DNA and RNA extraction and cDNA synthesis

Cells in TFF concentrates were pelleted by centrifugation at 6000 rcf for 10 min after defrosting. Genomic DNA was extracted from the pellet and filter using MoBio PowerSoil DNA Isolation Kit (Qiagen, Valencia, CA, USA) according to manufacturer’s instructions. Total RNA was extracted from the filter preserved in Ambion RNAlater Solution using RNeasy Mini Kit (Qiagen, Valencia, CA, USA). An Ambion Tubro DNA-free Kit (ThermoFisher Scientific, Waltham, WA, USA) was used to digest residual DNA. To verify complete removal of genomic DNA in total RNA, we utilized total RNA as a template to amplify 16S rRNA gene with general primer 515F (5′-GTGCCAGCMGCCGCGGTAA-3′) and 806R (5′-GGACTACHVGGGTWTCTAAT-3′) and performed electrophoresis detection. DNA and RNA concentrations were measured by NanoDrop One (Thermo Fisher Scientific, Waltham, MA, USA).

Reverse transcription-PCR (RT-PCR) amplification of 16S rRNA was achieved using Invitrogen SuperScript III One-Step RT-PCR System with Platinum Taq DNA Polymerase (ThermoFisher Scientific, Waltham, WA, USA). Specifically, it was carried out in a 50 μL reaction containing 25 μL 2 × Reaction buffer, 0.2 μM of both sense and anti-sense primers (515F and 806R), 10–15 ng template and 2 μL SuperScript III RT/Platinum Taq Mix using the following program: cDNA synthesis at 55 °C for 30 min; initial denaturation at 94 °C for 3 min; 35 cycles of 94 °C for 45 s, 50 °C for 60 s, and 72 °C for 90 s; final extension at 72 °C for 10 min. The synthesized cDNA was purified with the QIAquick PCR Purification Kit (Qiagen, Valencia, CA, USA).

16S rRNA gene amplification, sequencing and preprocessing

The V4 region of 16S rRNA gene was amplified from both DNA and synthesized cDNA using the primer 515F and 806R combined with Illumina adapter sequences, a pad and a linker, as well as barcodes on the reverse primers. PCR amplification was carried out in a 25 μL reaction buffer containing 12.5 μL GoTaq colorless Master Mix (Promega, Madison, WI, USA), 0.5 μM of both forward and reverse primers, 10–15 ng template using the following program: initial denaturation at 94 °C for 3 min, followed by 35 cycles of 94 °C for 45 s, 50 °C for 60 s, and 72 °C for 90 s, and then a final extension at 72 °C for 10 min. Reactions were performed in triplicate and pooled.

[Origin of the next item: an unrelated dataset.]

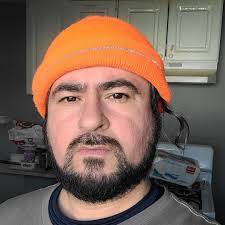 Stream enmanuel noyola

Amplicons were verified by agarose gel electrophoresis and quantified with PicoGreen using a FLUOstar Optima microplate reader (BMG Labtech, Jena, Thuringia, Germany). 500 ng of amplicon from each sample were combined together and purified using MoBio UltraClean PCR Clean-Up Kit (Qiagen, Valencia, CA, USA) and then re-quantified with PicoGreen. Sample library was prepared according to the MiSeq Reagent Kit Preparation Guide (Illumina, San Diego, CA, USA). Briefly, the sample was denatured by mixing 10 μL 2 nM combined amplicon and 10 μL 0.2 mol NaOH and incubated for 5 min at room temperature. Denatured sample was diluted to 7 pM using HT1 buffer and mixed with 7 pM PhiX control (final PhiX control concentration, 10%). A total of 600 μL sample mixture, together with customized sequencing primers for forward, reverse, and index reads, were loaded into the corresponding wells on the cartridge of a 300-cycle MiSeq Reagent Kit v2 and run on an Illumina MiSeq system (Illumina, San Diego, CA, USA). RNA- and DNA-based 16S rRNA gene sequencing raw data were deposited to the Short Read Archive database at NCBI (Accession number: PRJNA493661).

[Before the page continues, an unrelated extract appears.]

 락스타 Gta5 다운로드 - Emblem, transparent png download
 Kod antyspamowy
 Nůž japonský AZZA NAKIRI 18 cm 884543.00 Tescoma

Raw sequencing data with perfect matches to barcodes were split to sample libraries. Forward and reverse reads with at least 30 bp overlap and less than 25% mismatches were joined using Fast Length Adjustment of SHort reads (FLASH)40. The joined sequences were trimmed using Btrim with a QC threshold of greater than 30 over a 5 bp window size and a minimum length of 140 bp41. After deleting sequence containing N base and trimming by sequence length of <251 and >255 bp, the sequences were clustered to operational taxonomic units (OTUs) by Uparse at a similarity level of 97%42. Singletons in generated OTU tables were removed for downstream analyses. The Ribosomal Database Project (RDP) classifier was used to assign the taxonomy of representative sequences at a minimal 50% confidence43. Samples were rarefied at 55841 sequences per sample. The above steps were performed through a Galaxy-based pipeline compiled by Ye Deng’s lab in Research Center for Eco-Environmental Sciences, China Academy of Sciences, China (http://mem.rcees.ac.cn:8080).

Metagenomic sequencing, preprocessing and genome binning

DNA was randomly sheared into small pieces of ~350 bp using Covaris M220 Focused-ultrasonicator (ThermoFisher Scientific, Waltham, WA, USA). Sample library was prepared according to the instruction manual of NEB Next Ultra DNA Library Prep Kit for Illumina (New England Biolabs, Ipswich, MA, USA). Briefly, it consists of fragmented DNA end-repaired, adaptor ligation, size selection and cleanup of adaptor-ligated DNA, PCR enrichment of adaptor-ligated DNA (5 cycles) and cleanup of PCR reaction. The library concentration was determined using Qubit 3.0 Fluorometer (ThermoFisher Scientific, Waltham, WA, USA) and sequenced on an Illumina HiSeq X Ten platform at Guangdong Magigene Biotechnology Co. Ltd (Guangdong, China). ~13 Gbp (2 × 150 bp) reads were generated. Metagenomic sequencing raw data were deposited to the Short Read Archive database at NCBI (Accession number: PRJNA493663).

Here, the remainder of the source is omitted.